• Given information:
**********

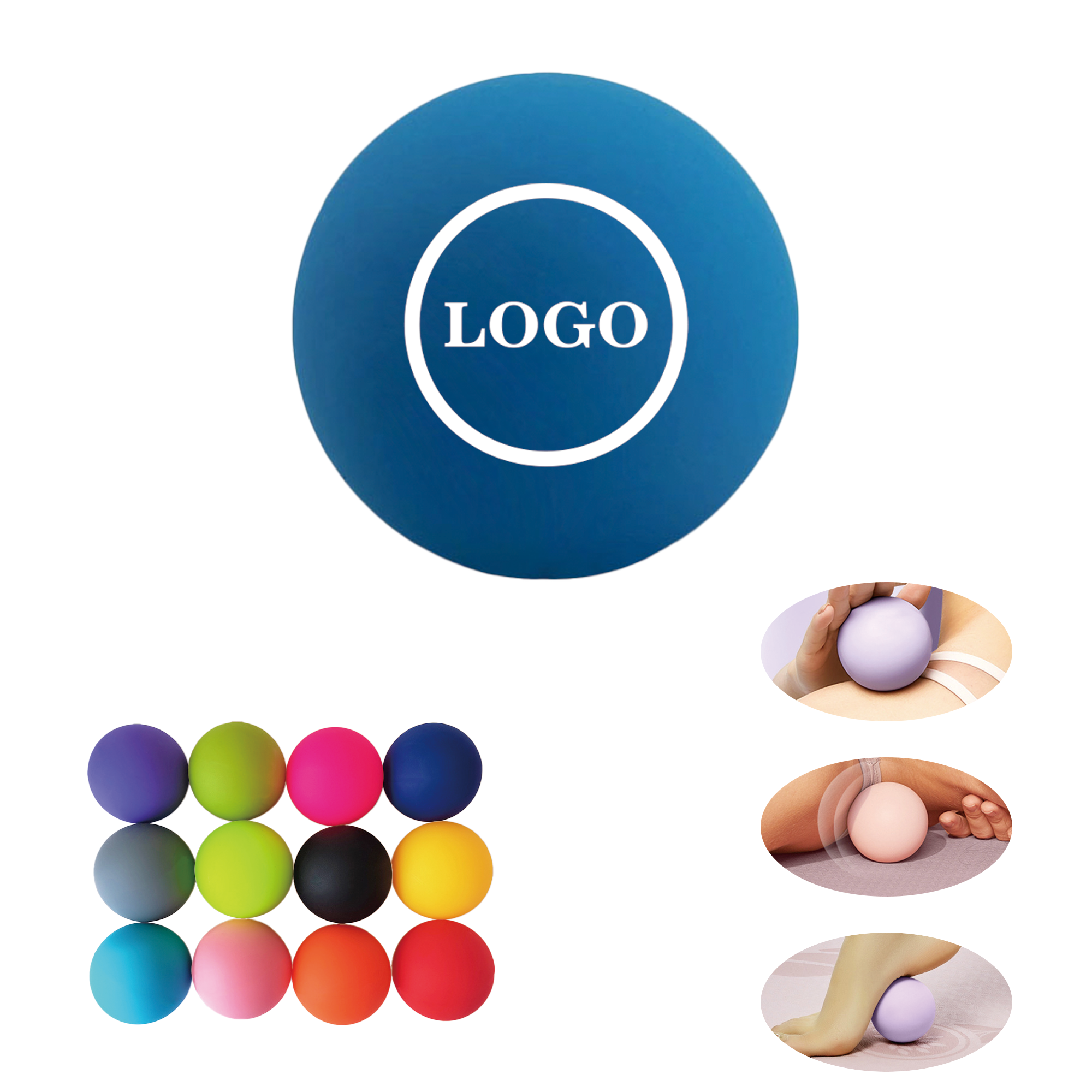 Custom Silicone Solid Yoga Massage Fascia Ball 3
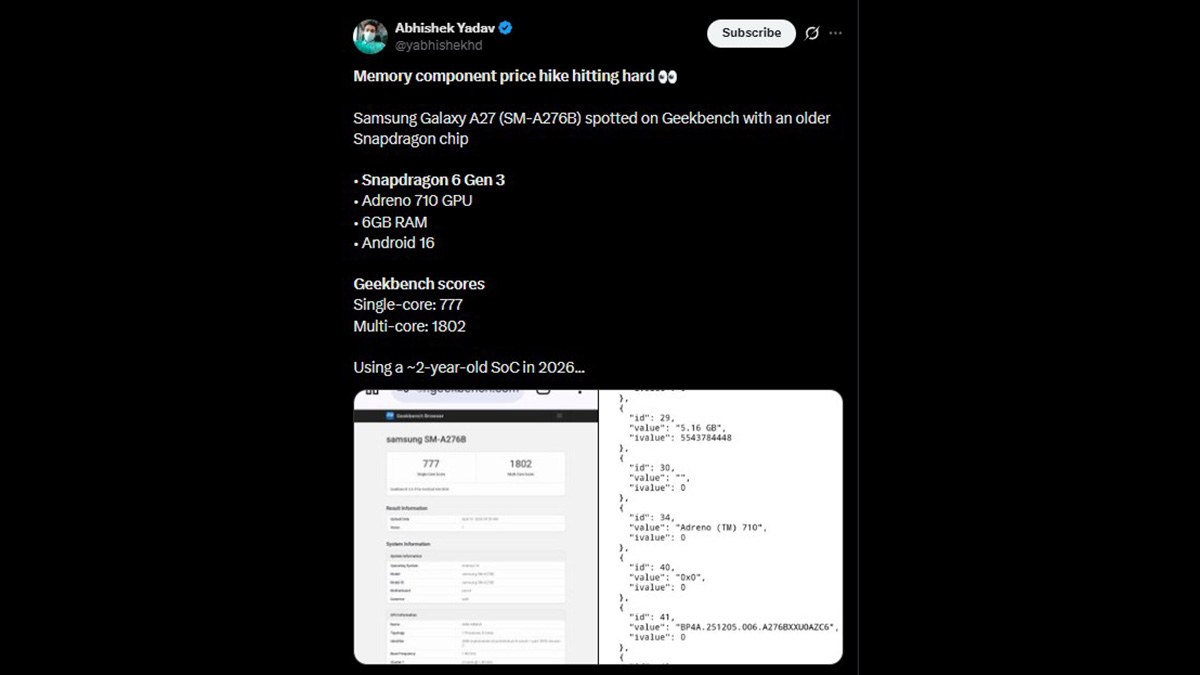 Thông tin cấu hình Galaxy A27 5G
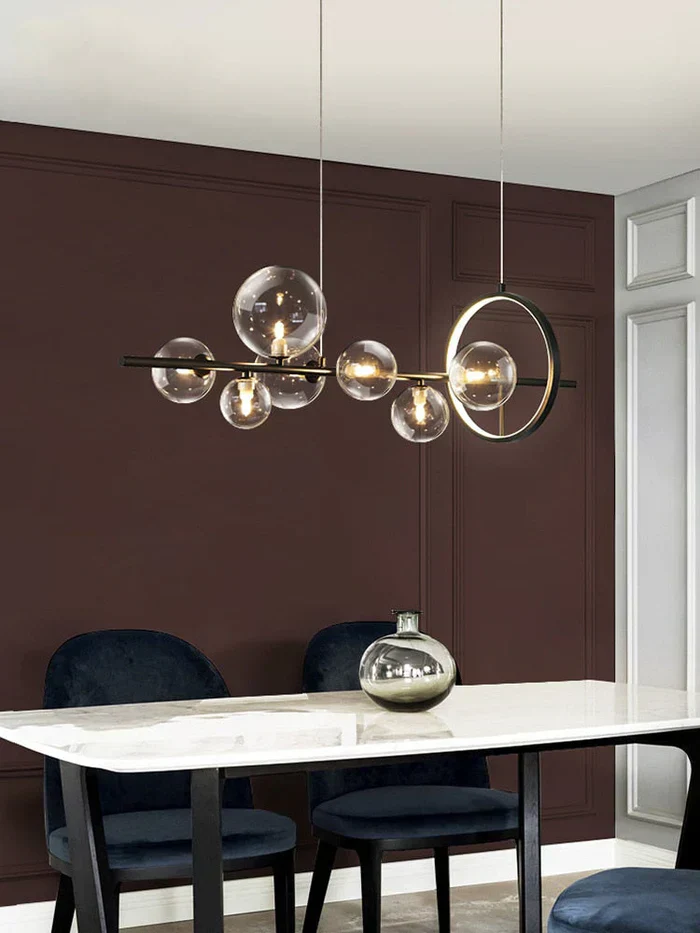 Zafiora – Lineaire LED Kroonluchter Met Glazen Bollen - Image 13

**********

Drop the images, then copy the data exactly.

• Response box:
 Custom Silicone Solid Yoga Massage Fascia Ball 3
 Thông tin cấu hình Galaxy A27 5G
 Zafiora – Lineaire LED Kroonluchter Met Glazen Bollen - Image 13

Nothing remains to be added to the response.